FUN

The Strangest Hello Kitty-Branded Garbage You Can Buy Right Now

FUN
Oct 10, 2014 at 2:03 PM ET

Hello Kitty’s first-ever museum retrospective opens tomorrow in Los Angeles. The Japanese American National Museum is bracing for an extraordinary influx of pilgrims coming to pay tribute to the exhibition, which includes everything from the original Hello Kitty coin purse to Lady Gaga’s Hello Kitty gown.

The 40-year-old feline (or at least feline-ish) icon is the crown jewel of Japanese licensing magnate Sanrio, which has shrewdly authorized branding deals with the likes of Stratocaster, the L.A. Dodgers and the band KISS. And also, apparently, everyone else who asks.

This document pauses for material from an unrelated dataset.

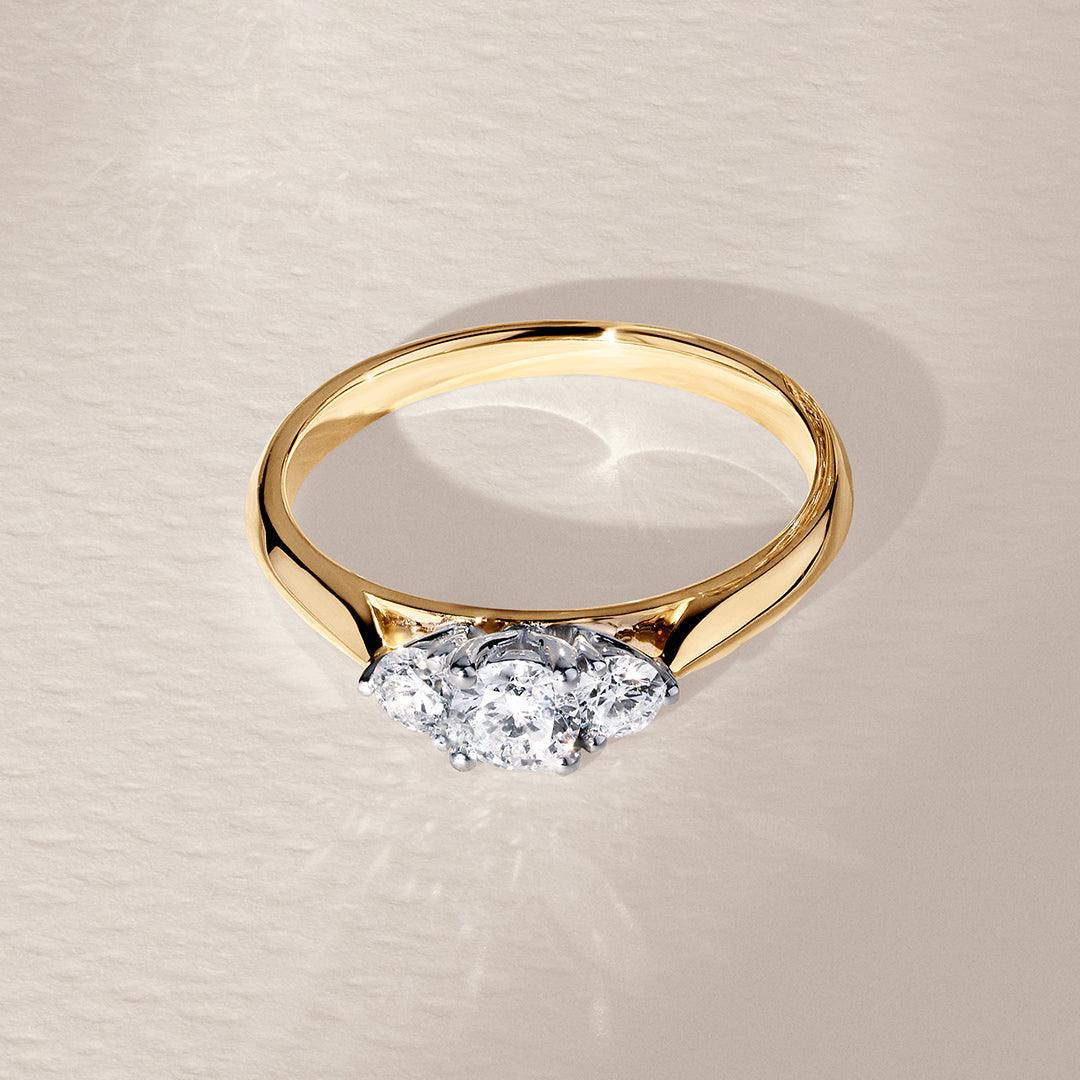 0.50ct TW Round Brilliant Cut Three Stone Diamond Engagement Ring in 18ct Yellow and White Gold - Image 3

The absurd heights of devotion the character inspires in children and adults alike earns the company more than $7 billion a year—and there’s no accounting for the unimaginable number of knockoff products that borrow her likeness without permission.

From vibrators—uh, “shoulder massagers“—to Bibles, here are some of the many unexpected forms in which you can buy Hello Kitty. (Full disclosure: The author of this story once had Hello Kitty checks and a Hello Kitty debit card. She regrets nothing.)

Vegetable Peeler, $4.99

What toy chest is complete without one?

Exhaust Pipe, $68.69

Melts emissions inspectors’ hearts.

Thong, $15

Because there’s nothing sexier than an anthropomorphic cat designed to lure children into buying pencil cases.

“Exotic Dancewear,” $75

OK, maybe there’s one thing sexier.

Toilet Paper, $5.95

For the person in your life who really loves Hello Kitty, or the person in your life who really, really hates Hello Kitty.

Crocheted Toilet Paper Cover, $10

Ample proof that Hello Kitty could anchor a horror movie franchise.

Toilet Seat and Lid Cover, $20.42

Crap and garbage for your crap and garbage.

38-Year-Old Toothpaste, $21.99

Hello Kitty, an oral history.

Nail Clippers, $3.77

Contact Lenses, $22.90

All the better to see you with, my dear.

Pipe, $50

For catnip use only.

Lighters, 50 for $19.99

The best kids always bring enough for the whole class.

AK-47, $1,072.95

Wine, $17.99

Notes of hairball and polyester.

Roomba, $130.99

Humidifier, $39.52

Condoms, $7.15 Each (Sold Out)

An optimist would point out that these are out of stock. A pessimist would point out that, well, that means someone bought them all.

Chia Pet, $17.99

LeBron James Phone Case, $0.20

Now that King James is back in Ohio, does this count as a collector’s item?